Cette situation est idéale pour cerner les enjeux et parfois affronter les difficultés, trouver les bonnes solutions, mettre en commun les ressources, et surtout jouer en équipe et gagner.
Un sentiment de fierté régionale en ressort, qui pousse chacun à s’activer et à concrétiser des projets.
Pour autant, cette recette pas nécessairement facile à reproduire, et elle n’est pas non plus une potion magique pour les régions qui sont souvent moins avantagées que les grands centres.
Des fleurons partout sur le territoire
Une fois cette nuance faite, force est de constater que cette recette continue de faire des miracles en région, avec la création, le développement et le maintien d’entreprises de taille appréciable, mondiale et leader dans leur secteur.
Qui aurait cru par exemple au développement phénoménal de la multinationale Premier Tech à partir de son berceau de Rivière-du-Loup?

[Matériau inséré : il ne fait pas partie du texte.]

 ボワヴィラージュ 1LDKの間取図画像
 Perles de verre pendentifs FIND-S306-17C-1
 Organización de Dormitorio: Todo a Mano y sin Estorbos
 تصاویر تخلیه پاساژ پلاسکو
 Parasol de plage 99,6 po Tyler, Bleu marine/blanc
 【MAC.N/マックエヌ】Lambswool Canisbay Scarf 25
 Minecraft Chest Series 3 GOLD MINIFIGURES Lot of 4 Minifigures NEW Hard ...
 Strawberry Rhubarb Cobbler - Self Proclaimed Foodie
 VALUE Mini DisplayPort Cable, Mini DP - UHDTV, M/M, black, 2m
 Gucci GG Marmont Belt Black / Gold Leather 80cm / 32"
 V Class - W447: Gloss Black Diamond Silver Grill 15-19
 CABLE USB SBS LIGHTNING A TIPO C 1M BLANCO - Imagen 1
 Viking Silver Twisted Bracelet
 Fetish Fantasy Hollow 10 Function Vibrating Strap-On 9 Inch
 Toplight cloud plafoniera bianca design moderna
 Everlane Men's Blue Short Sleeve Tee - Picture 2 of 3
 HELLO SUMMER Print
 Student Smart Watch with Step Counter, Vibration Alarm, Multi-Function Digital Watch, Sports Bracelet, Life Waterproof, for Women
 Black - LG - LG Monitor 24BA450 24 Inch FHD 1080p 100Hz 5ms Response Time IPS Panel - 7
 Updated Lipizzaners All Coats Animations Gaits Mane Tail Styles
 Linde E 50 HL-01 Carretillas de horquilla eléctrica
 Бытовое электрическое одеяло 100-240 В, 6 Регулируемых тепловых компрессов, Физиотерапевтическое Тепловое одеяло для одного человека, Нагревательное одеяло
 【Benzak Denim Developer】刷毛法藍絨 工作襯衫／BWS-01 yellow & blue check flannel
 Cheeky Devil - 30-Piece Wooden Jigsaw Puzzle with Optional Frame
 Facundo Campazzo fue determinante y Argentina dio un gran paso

Je rappelle que l’entreprise possède un réseau de 47 usines et emploie 4 700 employés dans 17 pays, dont 1 000 à Rivière-du-Loup.
C’est la même chose pour le rôle socio-économique incontournable de Cascades, dans le Centre-du-Québec, ou encore de l’impact colossal de Chantiers Chibougamau, dans le Nord-du-Québec.
Soulignons enfin la présence de BRP, en Estrie, de Canam, en Chaudière-Appalaches, de Synapse Électronique, en Mauricie, ou encore d’Intersand, en Montérégie.
Saviez-vous qu’Intersand exporte des litières pour chat innovantes — fabriquées par un réseau d’usines 4.0 canadiennes et américaines— dans plus de 40 pays, et ce, à partir de son siège social de Boucherville?
Ce sont toutes des organisations sophistiquées, qui doivent affronter les forces du marché au Québec et ailleurs dans le monde, en plus de demeurer hautement compétitives.
Ces entreprises manufacturières se donnent toutes également une vocation régionale, en contribuant à l’économie locale, en améliorant bien-être de la population et pourquoi pas en renforçant la «marque» de leur coin de pays.
Sur une note plus légère, on pourrait dire que Lourdes, Fatima ou Compostelle ne sont pas de grands centres. Pourtant, ces noms résonnent dans nos têtes, car ces trois villes n’ont pas trop mal fait en termes de notoriété, d’attractivité et de branding pour la France, le Portugal ou l’Espagne.
Ce n’est pas rien de devenir une référence.
Surtout dans le département des miracles!